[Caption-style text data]

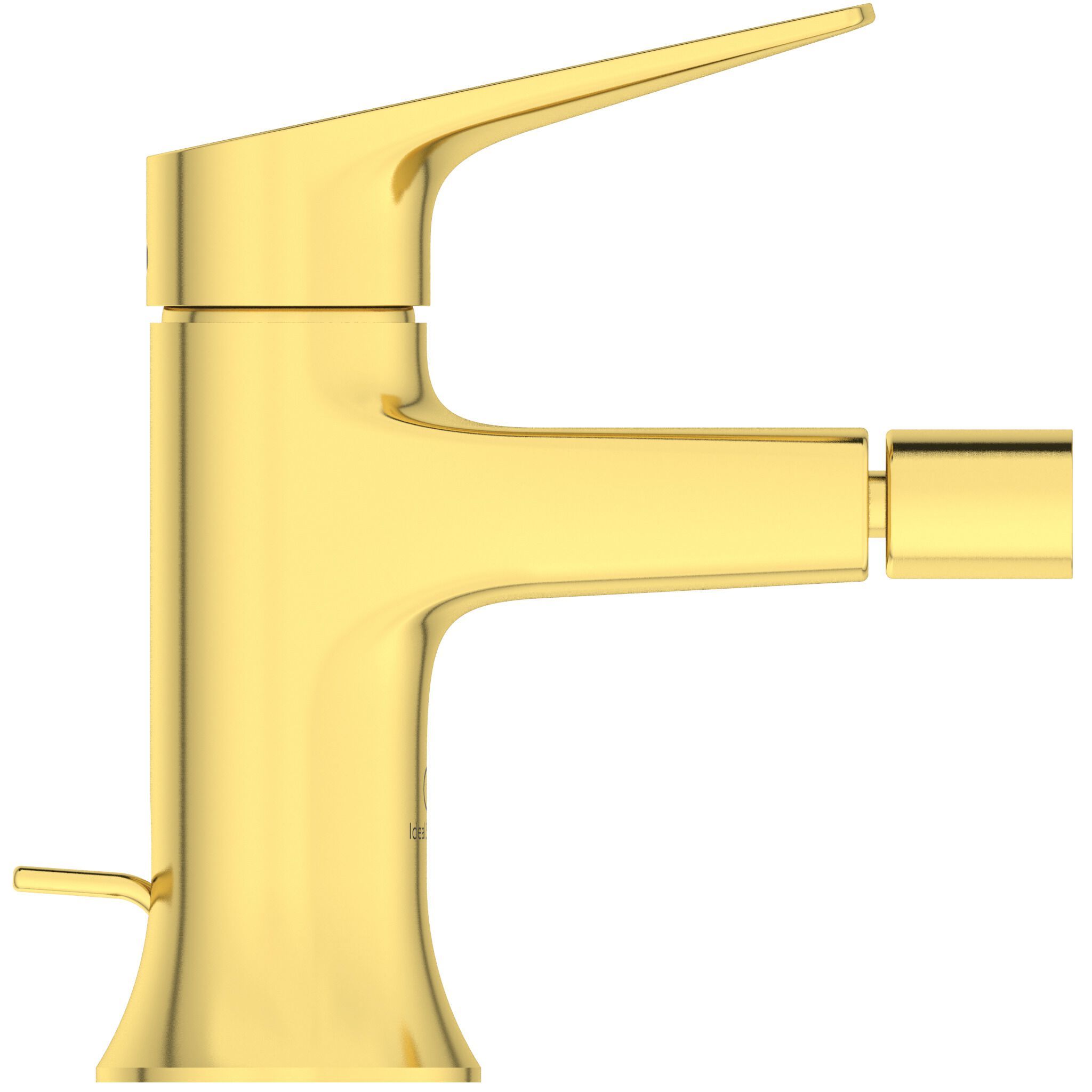 Однорычажный смеситель для биде с автоматическим сливом Ideal Standard La Dolce Vita ARCH-00059575 - Вид №9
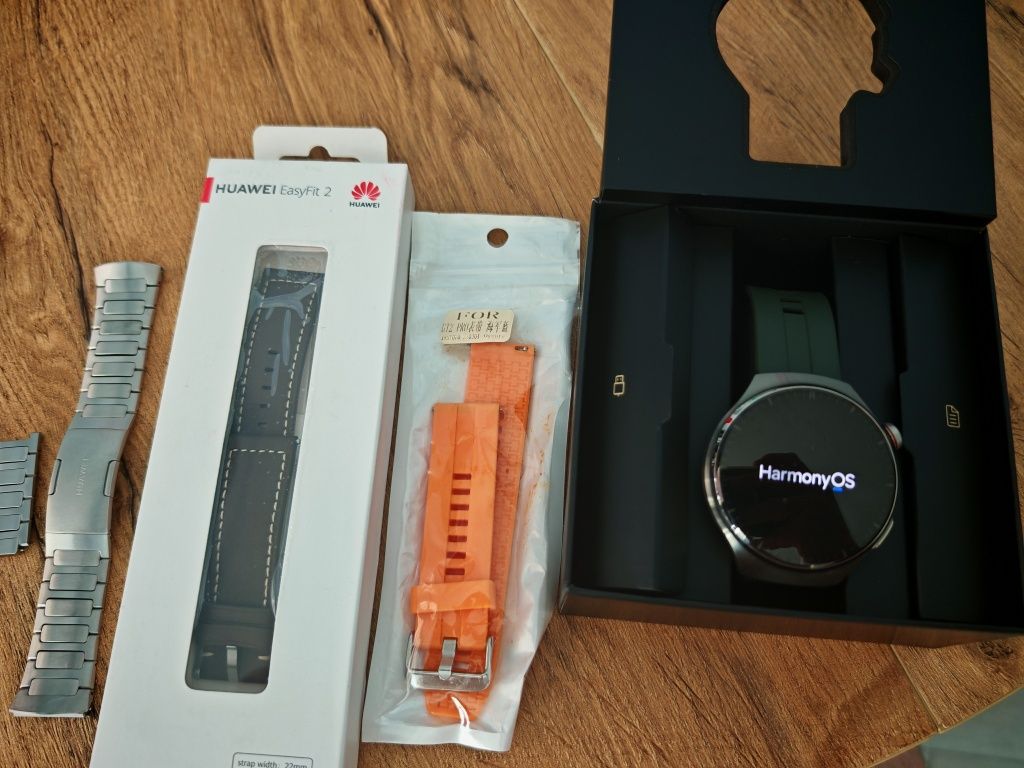 Huawei Watch 4 Pro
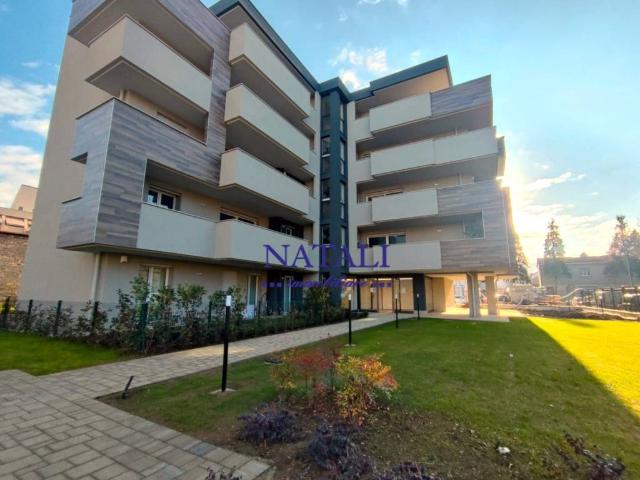 Appartamento in affitto a Oltrestazione, Legnano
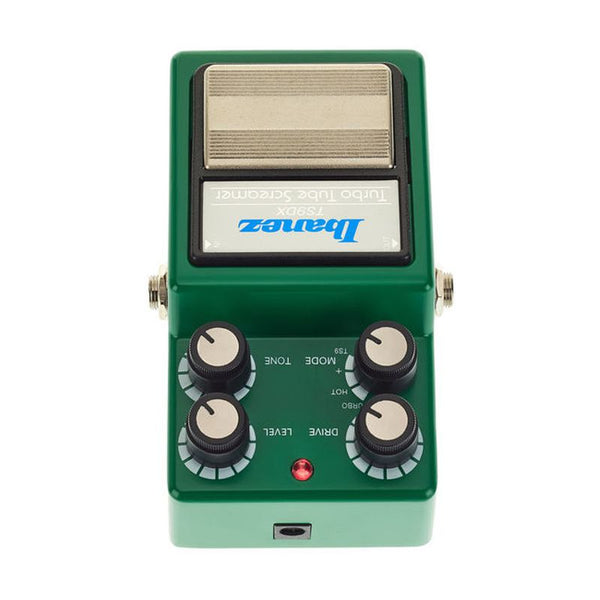 Ibanez TS9DX Overdrive Pedal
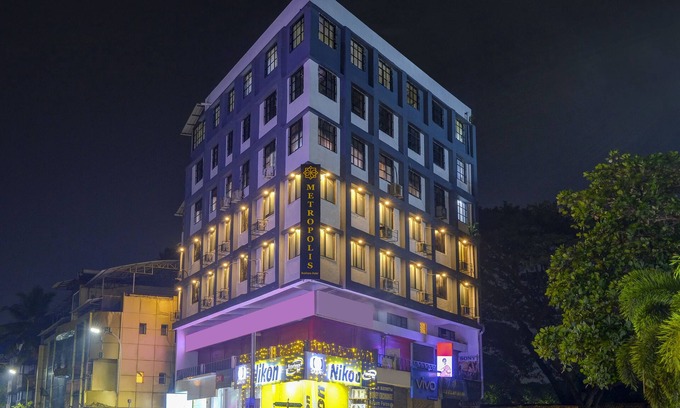 Panaji Hotel | Metropolis Business Hotel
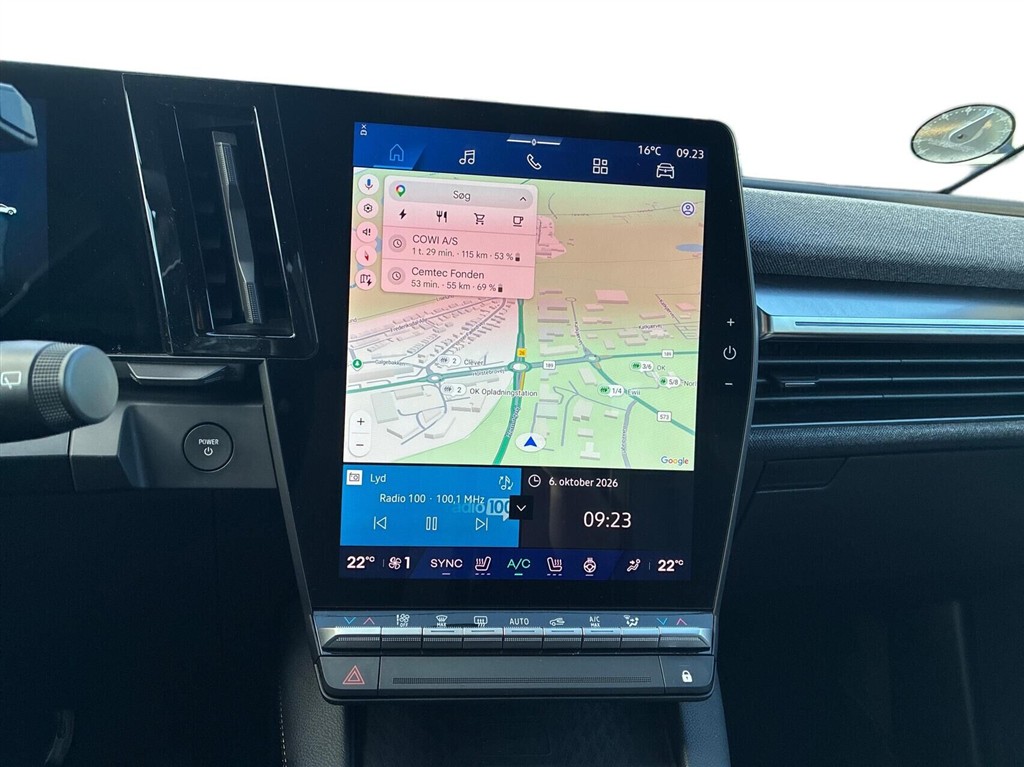 Renault Scénic Techno billede 11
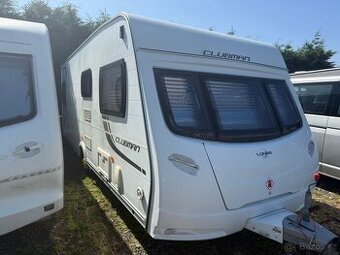 Lunar clubman SE,ALDE,velká postel,velká koupelna,mover,ATC,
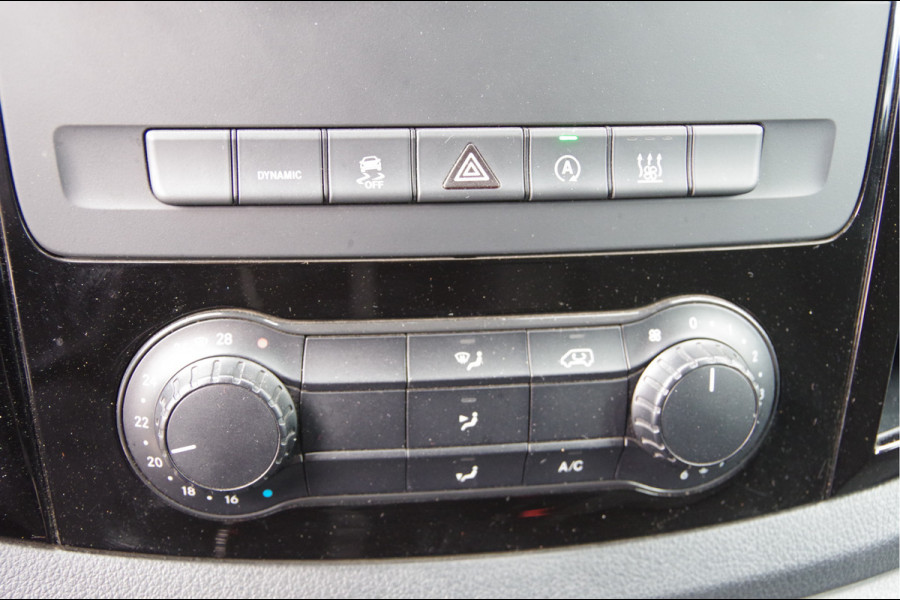 Mercedes-Benz Vito 119 CDI L2 AUT. 2X SCHUIFDEUR, LED, TREKHAAK, STOELVERWARMING, STANDKACHEL, CAMERA, NAVI, CRUISE, AIRCO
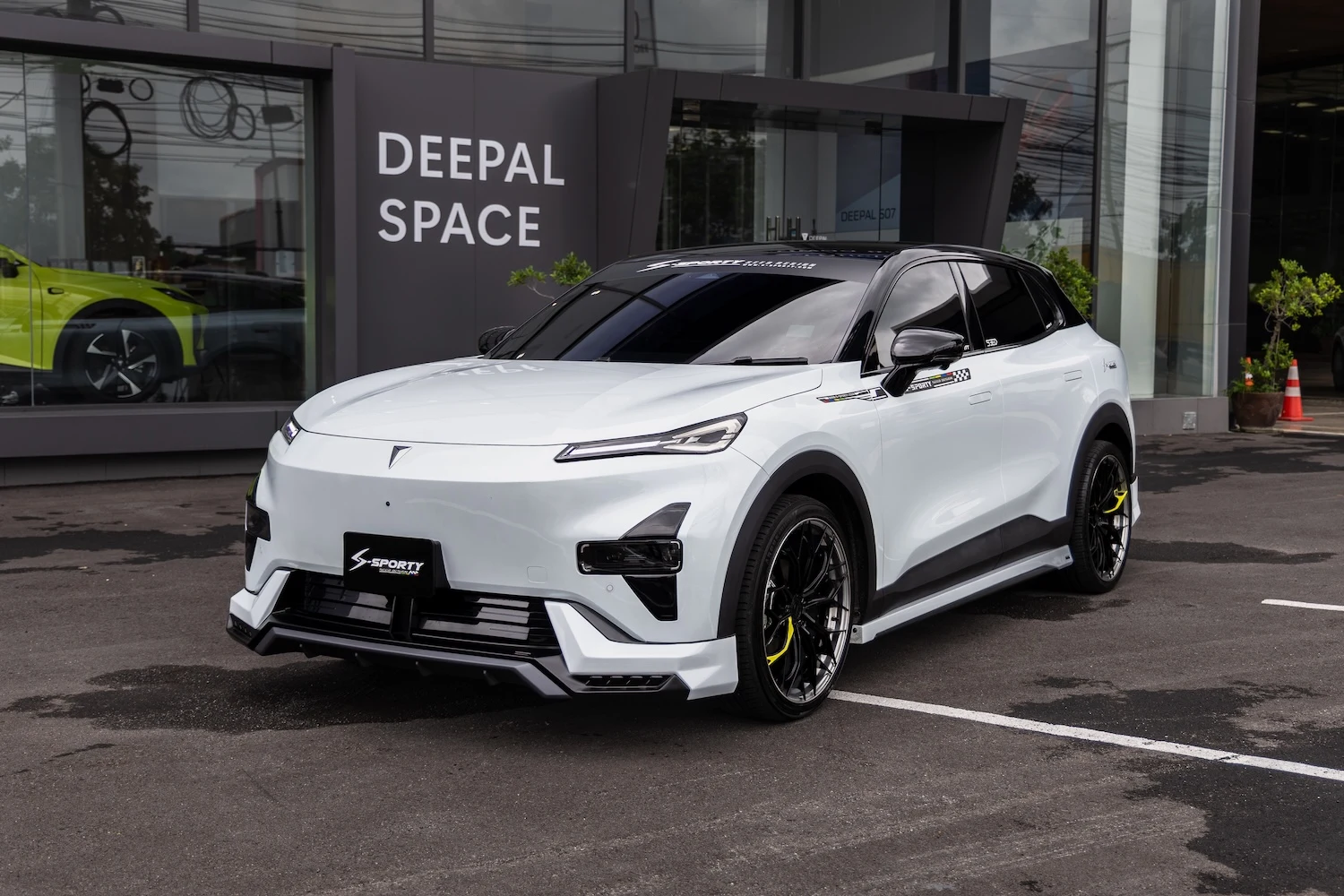 ชุดแต่ง DEEPAL S05 – SPORT 1 ภาพสินค้า 1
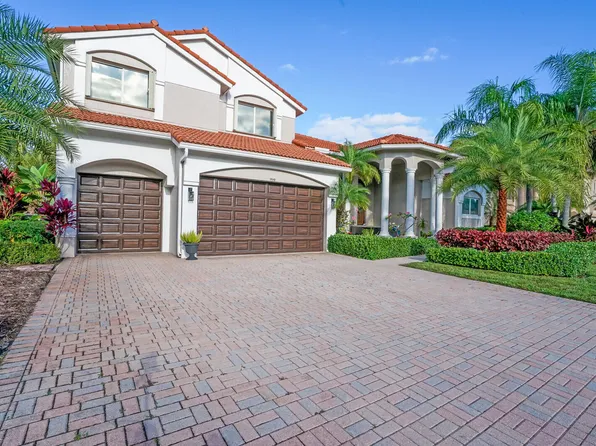 11910 Osprey Point Circle, Wellington, FL 33449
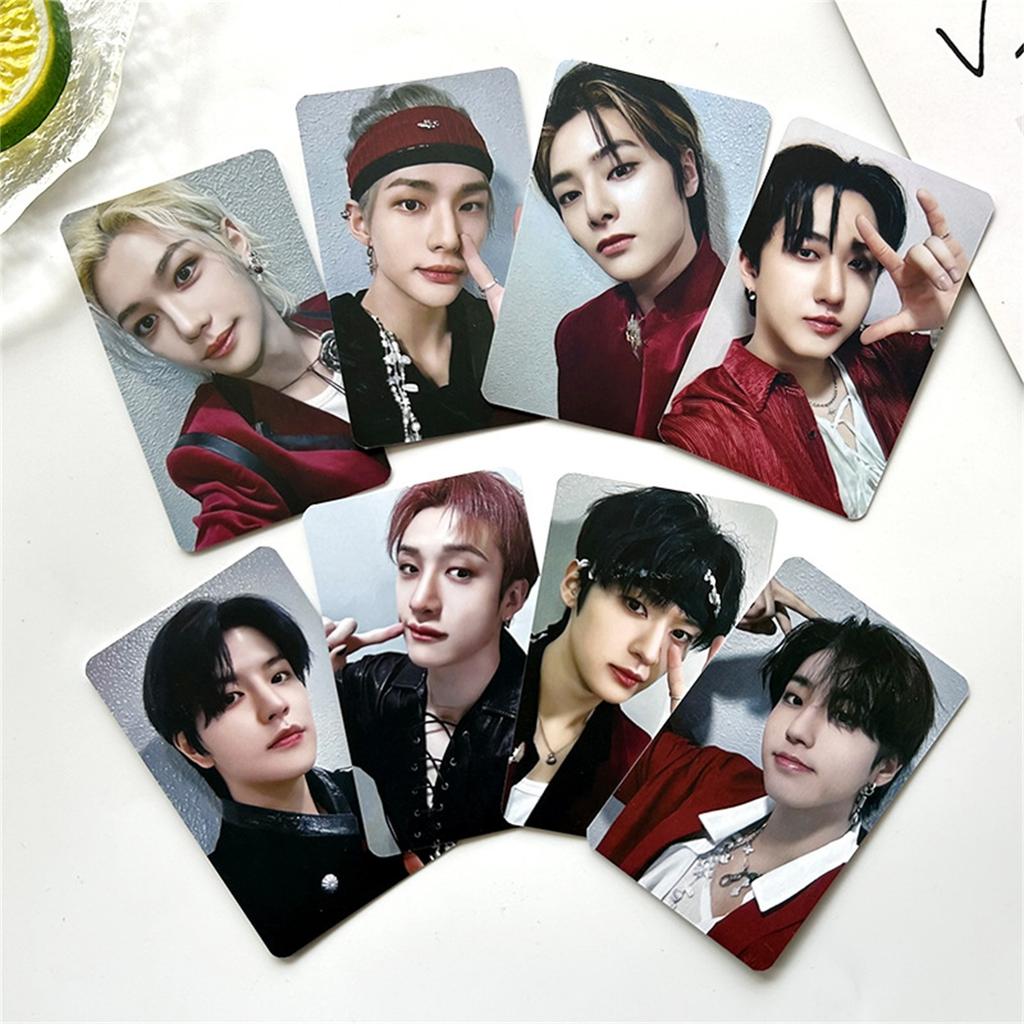 Fotokarten-Set – Idol-Poster-Karten für Fans & Sammler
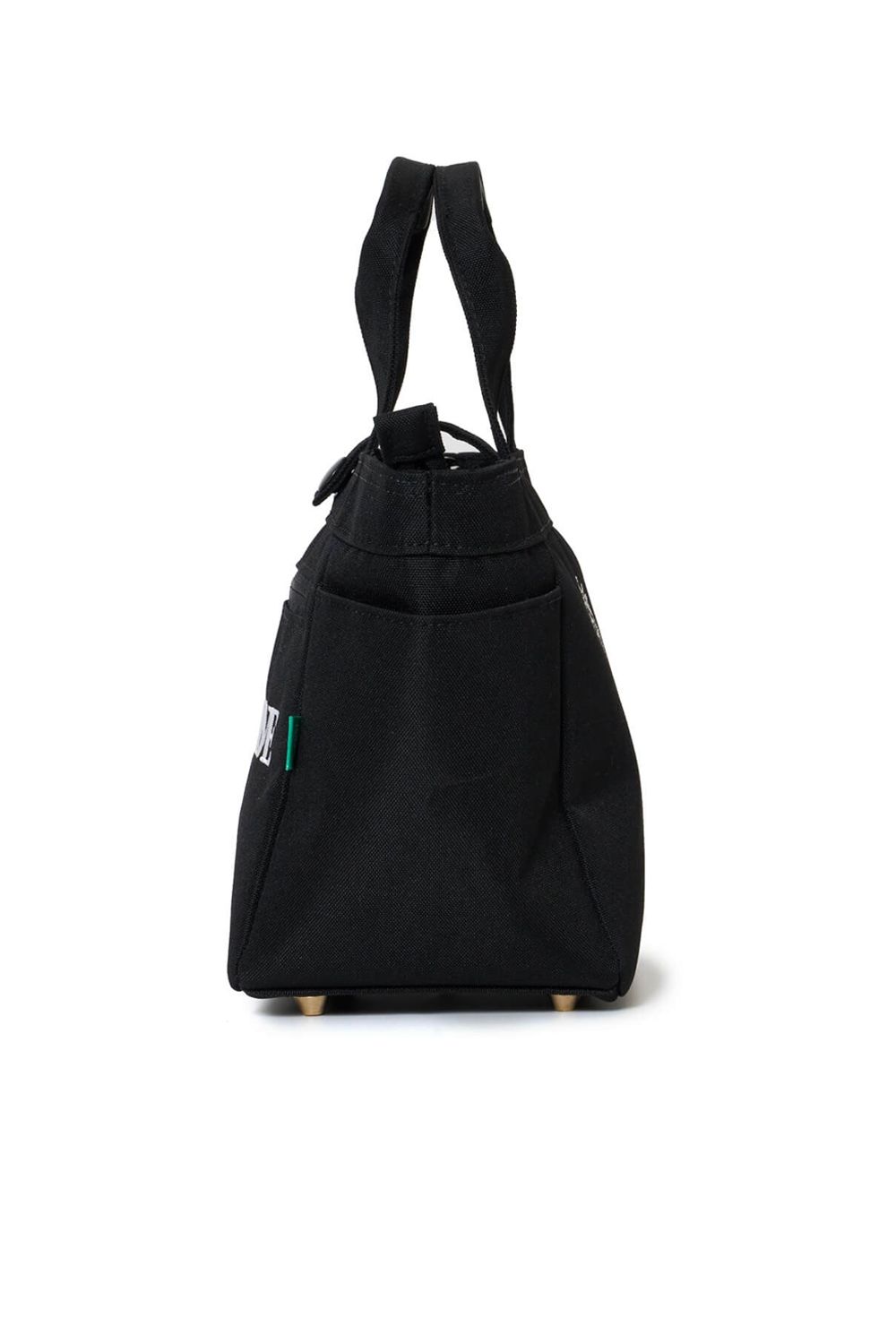 【26AW】 AWA CART BAG / ブランドロゴ カートバッグ (ブラック)
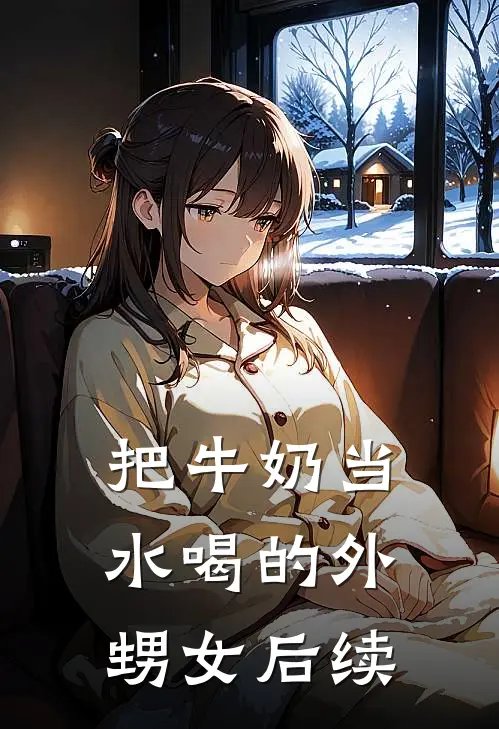 把牛奶当水喝的外甥女后续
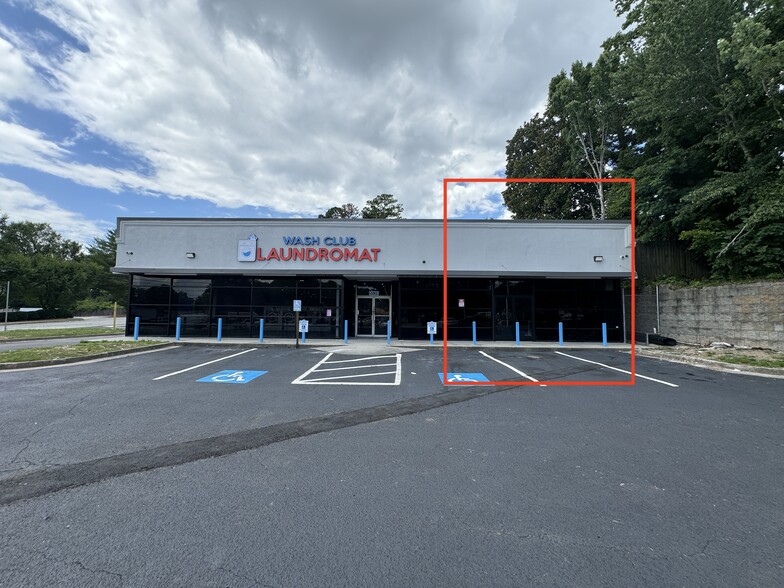 Primary Photo Of 5539 Old National Hwy, College Park Storefront Retail Office For Lease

**Description of the task**: Copy exactly, and copy nothing else: the lines from the start of the data above through the line that holds "Lunar clubman SE,ALDE,velká". The pictures stay out.

**Reply**:
 Однорычажный смеситель для биде с автоматическим сливом Ideal Standard La Dolce Vita ARCH-00059575 - Вид №9
 Huawei Watch 4 Pro
 Appartamento in affitto a Oltrestazione, Legnano
 Ibanez TS9DX Overdrive Pedal
 Panaji Hotel | Metropolis Business Hotel
 Renault Scénic Techno billede 11
 Lunar clubman SE,ALDE,velká postel,velká koupelna,mover,ATC,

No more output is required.